The most noteworthy stories to come out of the reports were those of offensive jokes taken too far. The interviewed staff members said that they were routinely Photoshopped into inappropriate situations. For instance, their faces would be put on the bodies of adult film stars or Nazi soldiers and the pictures would be put up all around the office. Quantic Dream bosses David Cage and Guillaume de Fondaumière were allegedly in on the "joke" as well.
Cage's response was to vehemently deny the accusations, and he even went as far as to file a lawsuit against the three media outlets that reported the story.
For now, Cage's court time will be spent against his former employees. Today's result, according to Eurogamer, saw a former employee make use of the prise d'acte employment law. To use the law, an employee must willingly quit on the grounds of misconduct in the workplace. By doing so they give up all rights to things like benefits and severance, but retain the ability to petition for unfair dismissal.
From there, the case must go to an independent labour court.

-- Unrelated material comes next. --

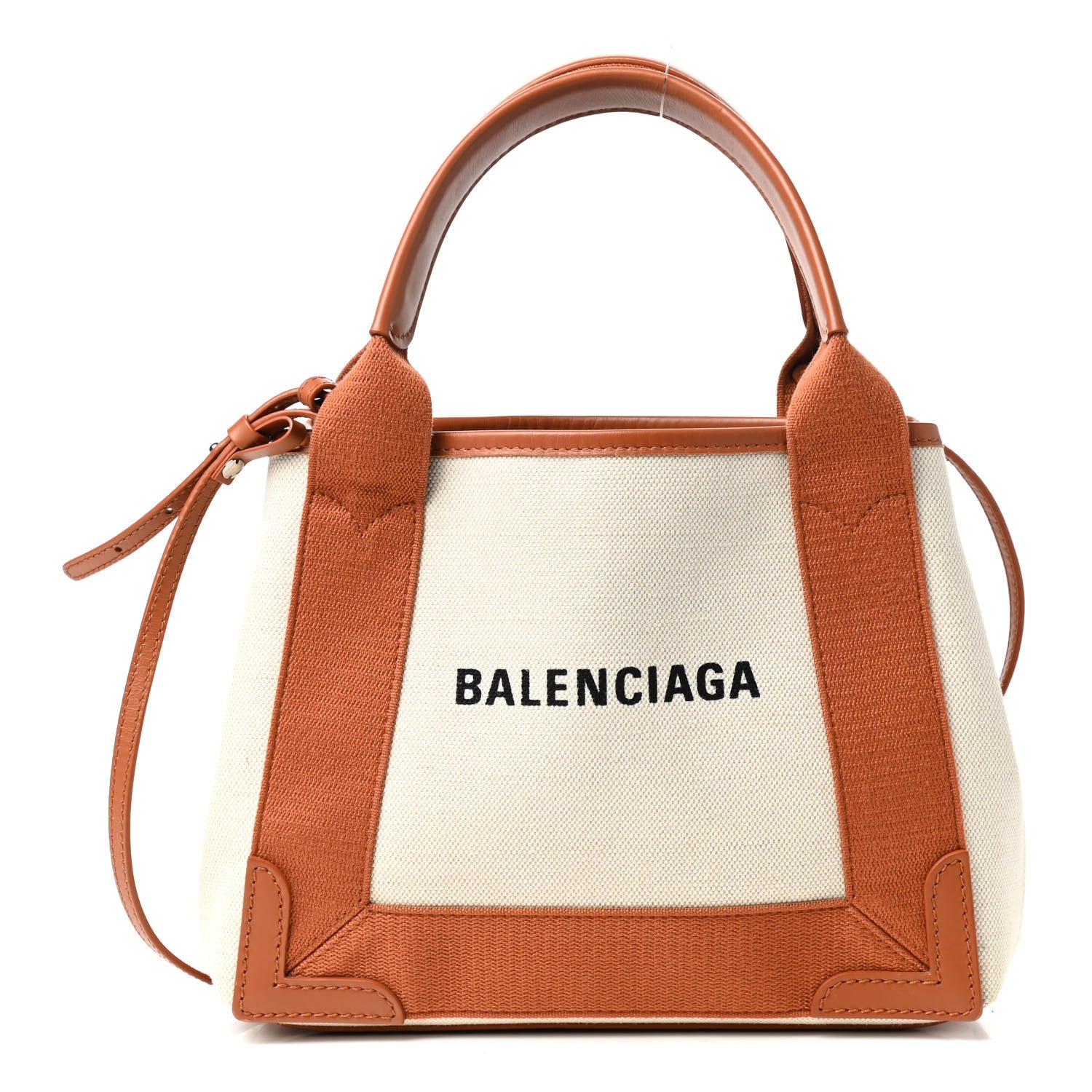 Balenciaga Cotton Canvas Satin Calfskin Navy Cabas XS Naturel Caramel 3 of 12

The court decides the legitimacy of the workplace misconduct claim, and if that merits the employee receiving compensation. Two cases brought forward by other Quantic Dream employees were dismissed before getting that far. This case marks the first time the court saw it through and ruled in favor of the employee, although Eurogamer's report doesn't detail what they received.
More of these cases are likely to happen, and it should be interesting to see if this ruling influences what happens going forward.